* **Exercise**:
With the images omitted, return all of the entries exactly as they stand.

--- START ---

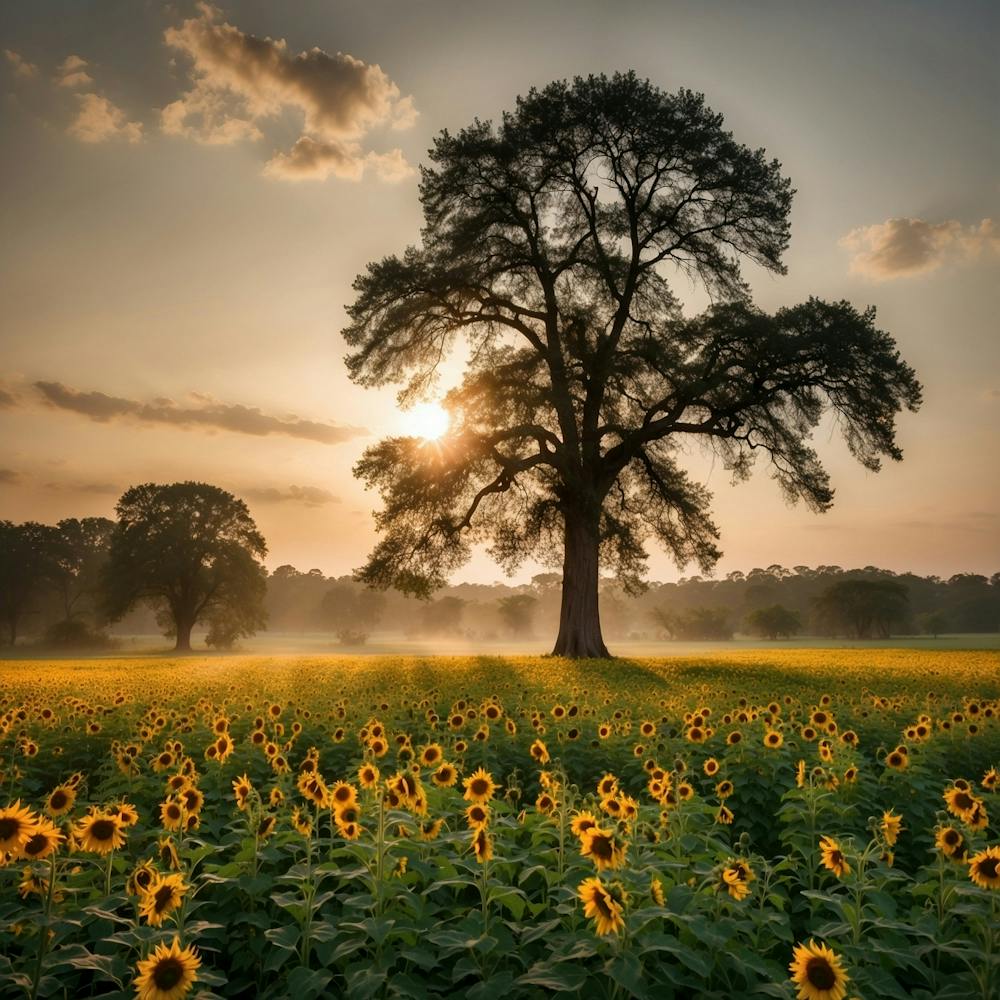 Sunflowers At Sunrise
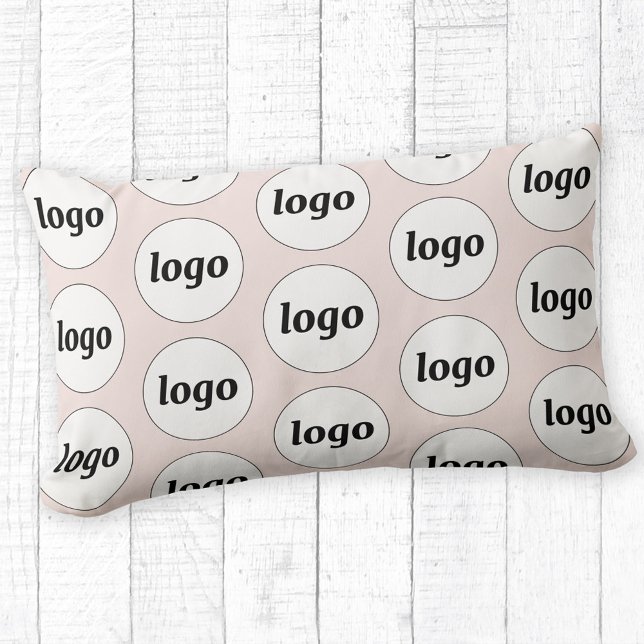 Logo Pattern Business Promotional Blush Pink Lumbar Pillow (Simple logo pattern business promotional pillow)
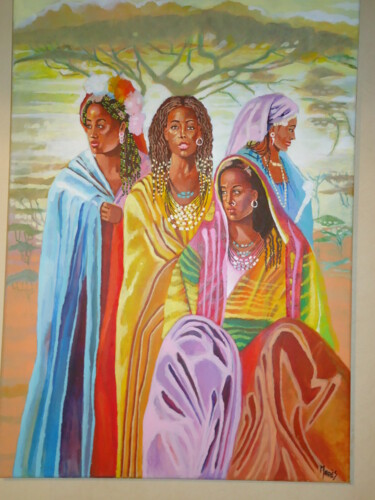 Painting titled "Belles-africaines-a…" by Jean Luc Marès, Original Artwork, Acrylic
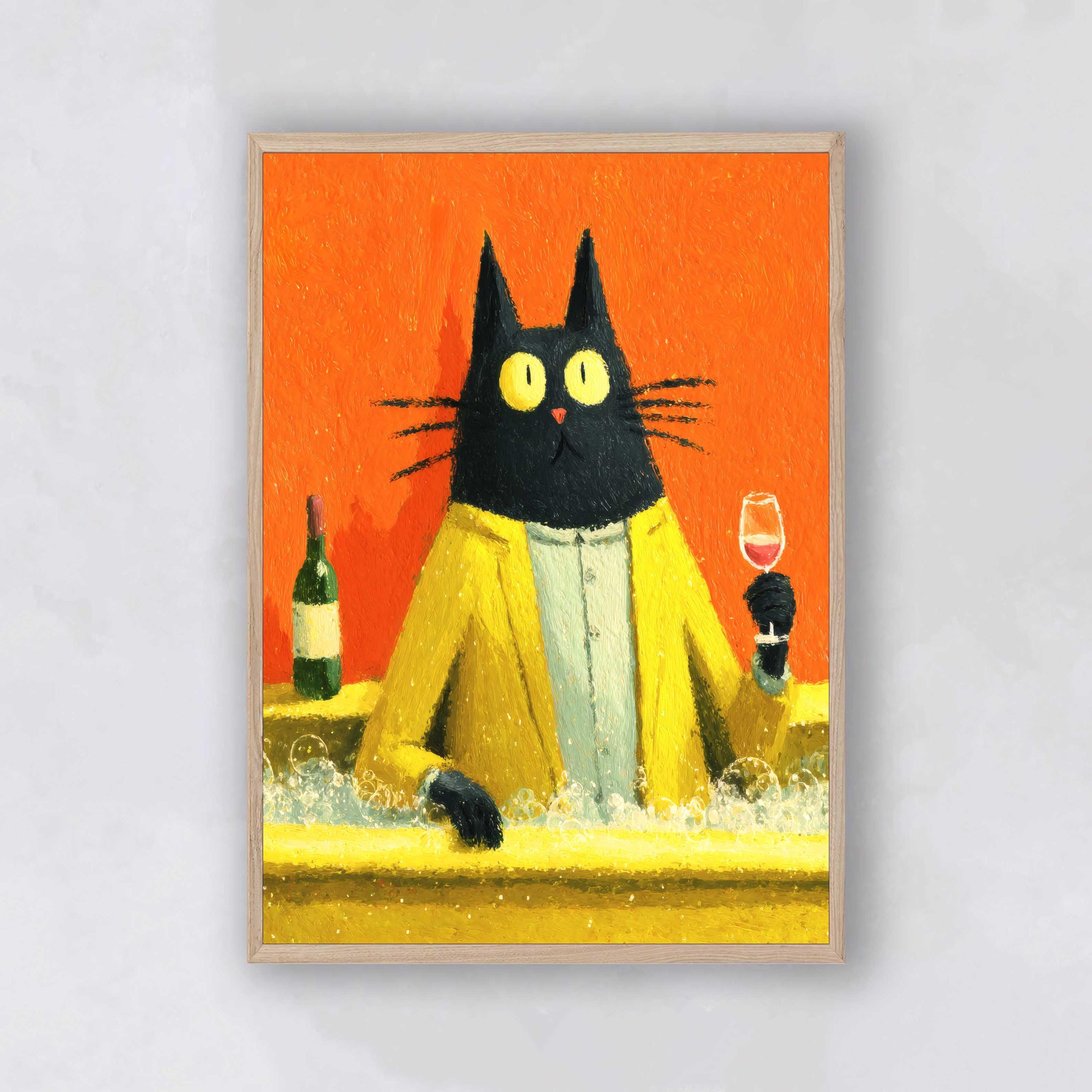 Funny Cat Wine Poster: Bar Cart Wall Art, Eclectic Dining Room Art ...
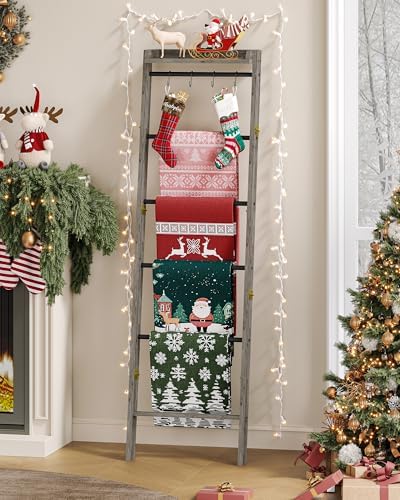 Hzuaneri Blanket Ladder Shelf, Farmhouse Ladder Holder, Blanket Organizer - Image 4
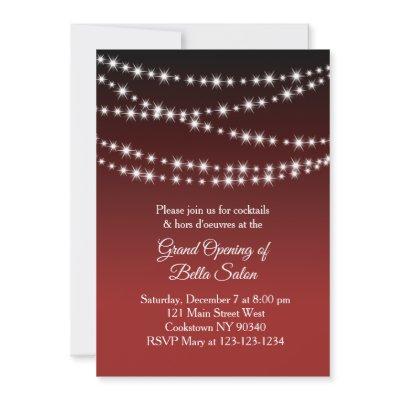 Grand Opening Twinkle Lights dark red Invitation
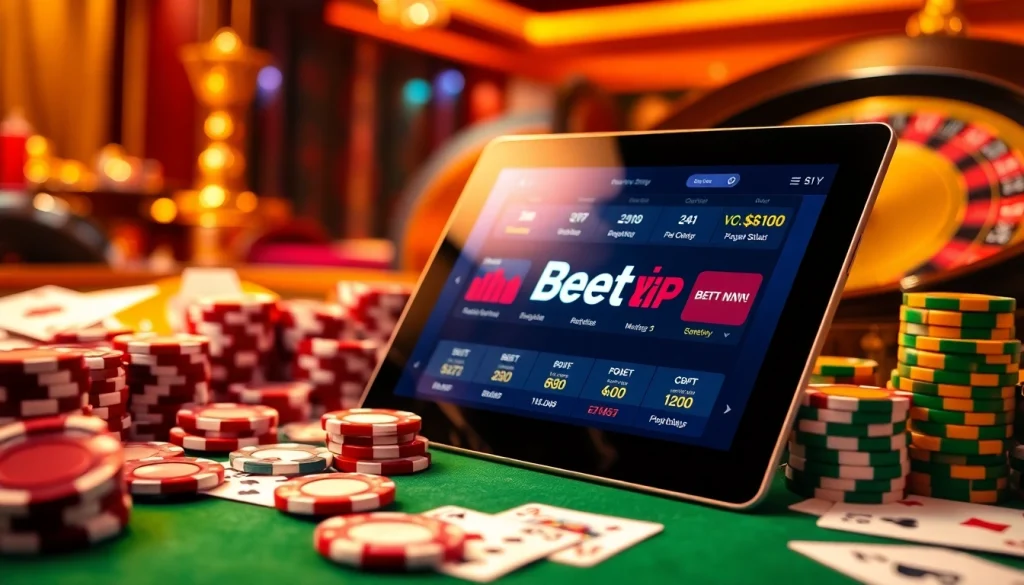 Thu hút người chơi bằng ứng dụng BetVIP giữa các yếu tố casino sang trọng.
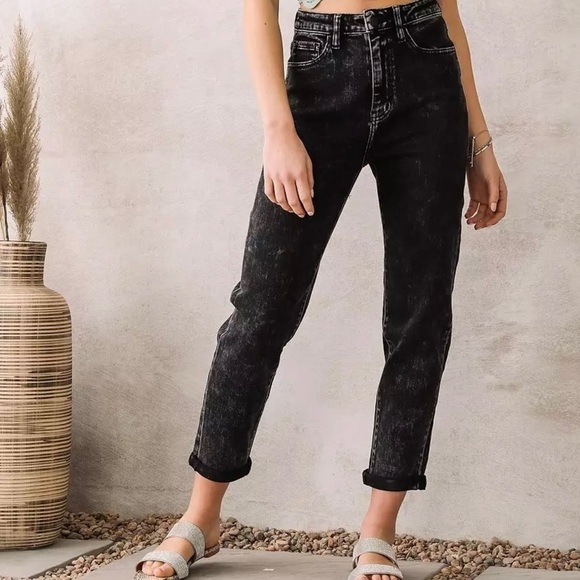 KanCan 27 (7) Ultra High Rise Baggy Fit Black Jeans Womens Stretch Acid Wash - Picture 2 of 15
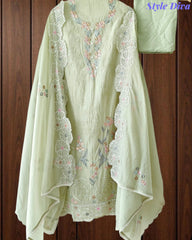 Mul Cotton Parsi Embroidered Un-Stitched Suit Set with Scalloped Embroidered Dupatta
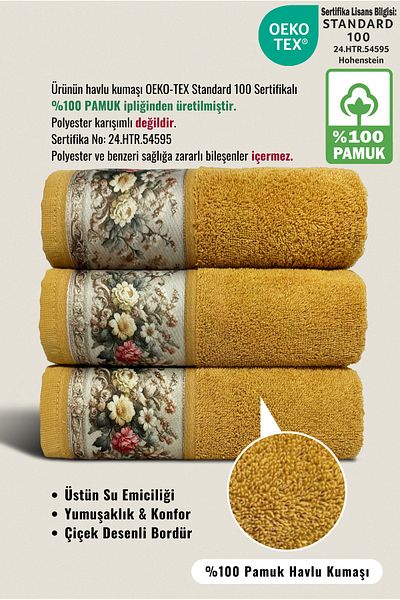 Ellaline Σετ πετσετών 100% βαμβάκι με πιστοποίηση FIORE 3 τεμαχίων με λουλούδια 50x90cm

--- END ---

* **Your solution**:
 Sunflowers At Sunrise
 Logo Pattern Business Promotional Blush Pink Lumbar Pillow (Simple logo pattern business promotional pillow)
 Painting titled "Belles-africaines-a…" by Jean Luc Marès, Original Artwork, Acrylic
 Funny Cat Wine Poster: Bar Cart Wall Art, Eclectic Dining Room Art ...
 Hzuaneri Blanket Ladder Shelf, Farmhouse Ladder Holder, Blanket Organizer - Image 4
 Grand Opening Twinkle Lights dark red Invitation
 Thu hút người chơi bằng ứng dụng BetVIP giữa các yếu tố casino sang trọng.
 KanCan 27 (7) Ultra High Rise Baggy Fit Black Jeans Womens Stretch Acid Wash - Picture 2 of 15
 Mul Cotton Parsi Embroidered Un-Stitched Suit Set with Scalloped Embroidered Dupatta
 Ellaline Σετ πετσετών 100% βαμβάκι με πιστοποίηση FIORE 3 τεμαχίων με λουλούδια 50x90cm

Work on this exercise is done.